Americans who encounter spoken and written English at every turn can often take the power of language for granted. Even linguistics majors.
Elizabeth “Liz” Kujath, who graduated from Mizzou in 2021 with a bachelor’s degree in linguistics, studied abroad in Tanzania on a Boren Scholarship during her junior year.
She was studying Swahili, the dominant language in East Africa, to aid her ability to do linguistic research there. The 15-year-old boy who lived with her homestay family, however, had grown up speaking Dholuo, with his mother. But those language skills — and his connection to his childhood and his mother — were fading.
Kujath asked if he’d like to speak Dholuo with her. He agreed. After school, he would speak simple words like “cat” and “dog.” She recorded it on her computer and, thinking nothing of it, played it back for him.
His eyes lit up.
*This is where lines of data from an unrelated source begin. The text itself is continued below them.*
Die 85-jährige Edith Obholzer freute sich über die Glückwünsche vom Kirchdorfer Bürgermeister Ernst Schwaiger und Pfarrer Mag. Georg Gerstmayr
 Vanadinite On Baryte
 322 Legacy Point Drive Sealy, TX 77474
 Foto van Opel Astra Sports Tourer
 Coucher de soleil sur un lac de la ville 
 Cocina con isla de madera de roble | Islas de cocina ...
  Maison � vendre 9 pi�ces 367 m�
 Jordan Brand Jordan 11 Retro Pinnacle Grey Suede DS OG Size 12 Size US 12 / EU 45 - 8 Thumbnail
It was the first time he’d heard a recording of his language before.
“I never saw a kid get so excited about something I didn’t think he would get excited about at all,” Kujath says.
Since then, Kujath has applied for the Marshall Scholarship and a Fulbright U.S. Student grant and accepted the 2021 Mark Twain Fellowship to study documentary linguistics at Leiden University, in the Netherlands, one of the top linguistics universities in the world. She plans to follow that with a doctoral degree.
On challenging days, that memory still motivates her pursuit of documentational linguistics, which is the description of a language’s usage and grammar and the creation of a verbal and written record of it for the community.
“It’s representation,” Kujath says, “and documentation that they exist and are valid. Their language is valid.”